Chilliwack school board candidate

Former Chilliwack teacher, principal banned from running in the next school board election

Mar 1, 2023 | 9:16 AM

CHILLIWACK — Elections B.C. pulls no punches when it comes to requiring municipal candidates for public office to file their campaign finance disclosure paperwork on time, or even by the late filing deadline.

Melanie Hull, a communications advisor for Elections B.C., reported Monday (Feb. 27) that former Chilliwack school board candidate Greg Nelmes has been disqualified from running in the next school board election in 2026. She also confirmed this by phone Wednesday morning, March 1.

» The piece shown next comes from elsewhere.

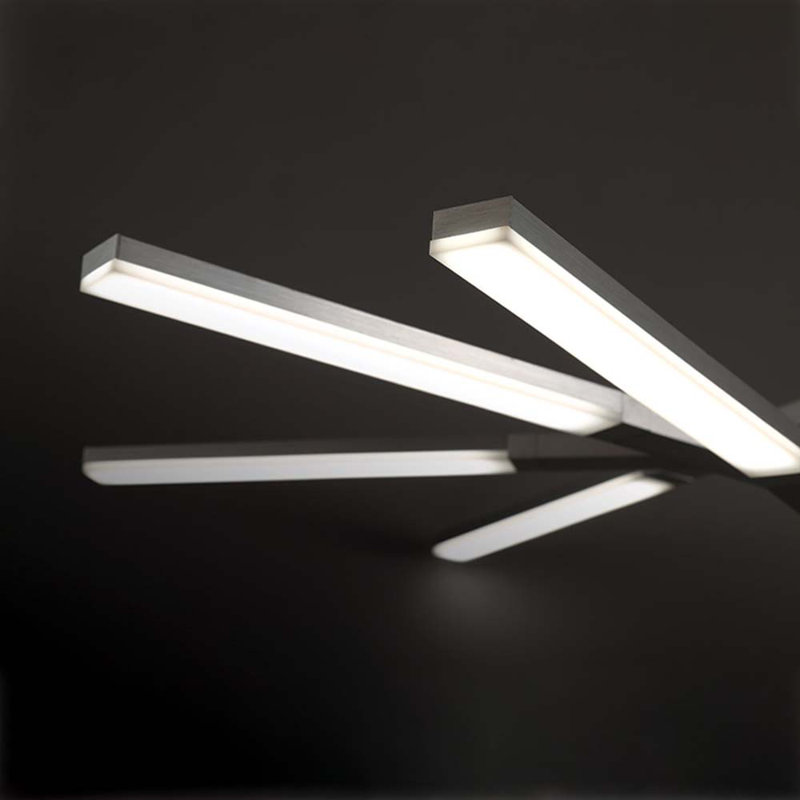 Stacked 8 - Light LED Chandelier, Brushed Aluminum
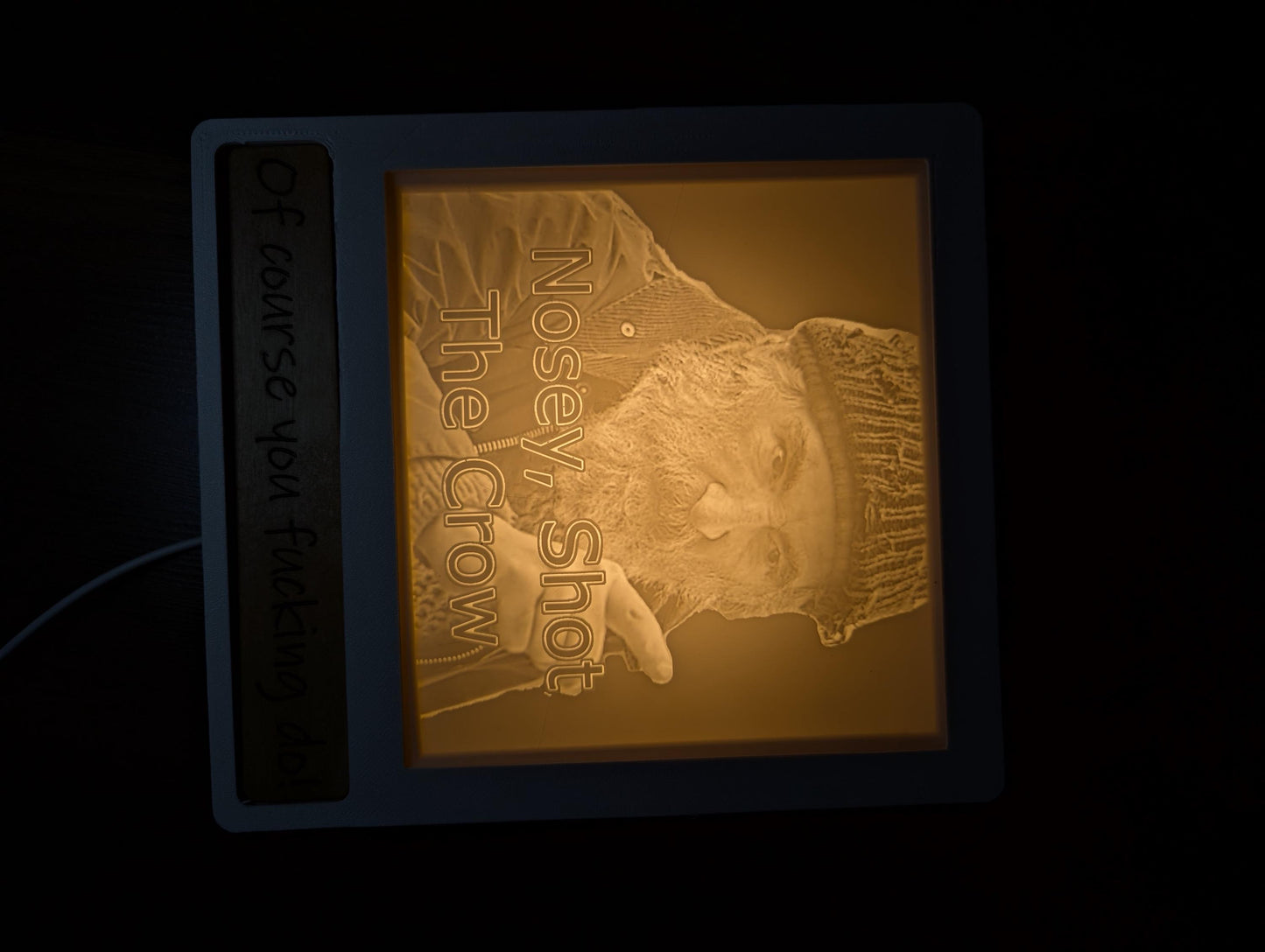 Farmer Jim, Brassic, Photo Engraved Night Light - Customised, Quirky and Fun Decor for Bar or Home.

Nelmes finished 14 out of 15 candidates with 4,133 votes, or 23.8 per cent of every vote cast, in the October 2022 municipal election.

Hull wrote that Elections B.C. had received Nelmes’ $500 late fee for not filing the campaign disclosure paperwork on time, but not the disclosure statement.

“The fee will be returned [to Greg Nelmes] and we are in contact with the candidate to get the report,” Hull said. “The report will be published in our Financial Reports and Political Contributions System once it is received.”

Under the Local Elections Campaign Financing Act, candidates are disqualified from running in the next election if they fail to file their disclosure report by the late filing deadline.

“This penalty will remain even once we receive Greg Nelmes’ report,” Hull wrote in an email to Fraser Valley Today.

During his campaign, Nelmes did not align himself with the progressive candidates who wound up winning an expanded majority on the Chilliwack school board. He positioned himself as a centrist.

“My motivation for running for school trustee is that the interests of students come first,” Nelmes wrote in an email to Fraser Valley Today last year. “Kids first and I want to be a part of a united Board that can disagree in camera but presents a united front to the media.”

He graduated from Sardis Secondary in June 1973 and completed his undergraduate education by virtue of a bachelor’s degree in elementary education from UBC in May 1977. Later, he completed his master’s degree in educational administration from the University of Victoria in August 1994.

His teaching career launched in September 1977 when he was a Grade 6/7 teacher at F.G. Leary Elementary, followed by four years at Vedder Elementary, two years at Robertson Elementary, four years at Sardis Elementary, and was vice-principal and a teacher at Tyson Elementary, Grade 5/6. He taught for seven more years before taking a teaching position as vice-principal at Vedder Elementary from 2005-07. He served as a principal at Rosedale Elementary from 2007-2010 and was later a principal at Bernard Elementary.

He previously was the Chilliwack-Hope riding association president for the Liberal Party of Canada.